EXERCISE AIM: Give the number of lines in the records below that contain the word "Town". State only that number.
[Start of section]
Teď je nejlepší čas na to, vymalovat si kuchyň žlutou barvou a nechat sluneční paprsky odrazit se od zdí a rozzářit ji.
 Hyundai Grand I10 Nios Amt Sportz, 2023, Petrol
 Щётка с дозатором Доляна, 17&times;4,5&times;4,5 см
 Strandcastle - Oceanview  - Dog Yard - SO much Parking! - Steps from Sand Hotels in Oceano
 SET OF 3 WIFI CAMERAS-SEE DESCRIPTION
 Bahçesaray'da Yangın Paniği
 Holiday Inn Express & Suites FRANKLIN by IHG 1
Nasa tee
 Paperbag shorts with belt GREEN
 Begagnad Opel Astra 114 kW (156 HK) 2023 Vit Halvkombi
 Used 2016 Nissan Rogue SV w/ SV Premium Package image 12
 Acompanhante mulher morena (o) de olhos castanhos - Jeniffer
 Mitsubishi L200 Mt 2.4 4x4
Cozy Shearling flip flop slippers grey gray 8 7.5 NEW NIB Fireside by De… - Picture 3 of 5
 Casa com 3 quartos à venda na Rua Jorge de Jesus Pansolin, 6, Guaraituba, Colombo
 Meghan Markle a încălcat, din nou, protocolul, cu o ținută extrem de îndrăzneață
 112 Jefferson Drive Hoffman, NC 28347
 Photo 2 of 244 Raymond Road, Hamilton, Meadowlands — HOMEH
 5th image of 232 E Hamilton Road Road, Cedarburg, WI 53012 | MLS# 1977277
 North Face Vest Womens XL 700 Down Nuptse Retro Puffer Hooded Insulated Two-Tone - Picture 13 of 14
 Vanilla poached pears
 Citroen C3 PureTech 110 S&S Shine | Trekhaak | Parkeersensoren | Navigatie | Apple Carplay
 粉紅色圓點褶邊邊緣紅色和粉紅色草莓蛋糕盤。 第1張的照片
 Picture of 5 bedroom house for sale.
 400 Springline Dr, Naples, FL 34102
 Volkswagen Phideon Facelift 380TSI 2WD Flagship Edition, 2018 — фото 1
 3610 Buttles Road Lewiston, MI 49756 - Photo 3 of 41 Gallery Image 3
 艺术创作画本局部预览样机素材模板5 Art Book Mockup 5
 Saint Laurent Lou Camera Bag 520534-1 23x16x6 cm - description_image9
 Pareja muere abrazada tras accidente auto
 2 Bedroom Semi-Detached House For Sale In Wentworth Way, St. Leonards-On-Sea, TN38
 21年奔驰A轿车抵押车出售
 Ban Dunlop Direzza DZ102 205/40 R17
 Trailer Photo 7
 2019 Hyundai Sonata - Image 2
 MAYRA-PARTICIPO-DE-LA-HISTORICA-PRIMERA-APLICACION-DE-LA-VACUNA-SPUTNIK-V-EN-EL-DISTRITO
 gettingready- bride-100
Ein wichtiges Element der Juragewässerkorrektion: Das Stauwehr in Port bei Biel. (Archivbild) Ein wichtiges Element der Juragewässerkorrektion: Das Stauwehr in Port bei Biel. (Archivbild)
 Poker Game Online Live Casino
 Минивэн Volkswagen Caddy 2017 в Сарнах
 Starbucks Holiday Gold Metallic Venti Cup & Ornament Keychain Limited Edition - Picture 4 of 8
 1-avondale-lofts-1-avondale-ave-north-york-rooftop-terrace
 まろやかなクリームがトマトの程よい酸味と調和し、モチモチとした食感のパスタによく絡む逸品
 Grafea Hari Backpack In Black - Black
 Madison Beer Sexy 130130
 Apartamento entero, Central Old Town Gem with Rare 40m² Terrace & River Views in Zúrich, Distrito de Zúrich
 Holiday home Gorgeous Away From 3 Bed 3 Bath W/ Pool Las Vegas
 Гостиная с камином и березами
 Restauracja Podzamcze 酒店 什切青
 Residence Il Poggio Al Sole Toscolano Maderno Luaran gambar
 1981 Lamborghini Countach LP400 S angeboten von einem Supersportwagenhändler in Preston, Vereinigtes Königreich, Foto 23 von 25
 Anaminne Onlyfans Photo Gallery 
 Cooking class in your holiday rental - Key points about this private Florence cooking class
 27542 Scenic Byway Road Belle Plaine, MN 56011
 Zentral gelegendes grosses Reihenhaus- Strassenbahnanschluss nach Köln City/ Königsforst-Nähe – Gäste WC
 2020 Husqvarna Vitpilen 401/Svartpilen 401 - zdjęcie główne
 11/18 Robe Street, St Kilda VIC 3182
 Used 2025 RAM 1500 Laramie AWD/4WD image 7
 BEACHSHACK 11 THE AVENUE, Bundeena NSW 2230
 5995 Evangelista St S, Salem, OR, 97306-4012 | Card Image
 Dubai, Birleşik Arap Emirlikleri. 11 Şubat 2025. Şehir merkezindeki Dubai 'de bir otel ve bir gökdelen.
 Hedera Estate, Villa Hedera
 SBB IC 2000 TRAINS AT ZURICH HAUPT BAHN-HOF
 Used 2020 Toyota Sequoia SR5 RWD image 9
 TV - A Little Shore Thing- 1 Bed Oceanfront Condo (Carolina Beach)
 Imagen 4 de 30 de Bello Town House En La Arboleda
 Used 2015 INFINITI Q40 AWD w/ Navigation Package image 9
[End of section]
OUTPUT OF THE EXERCISE: 2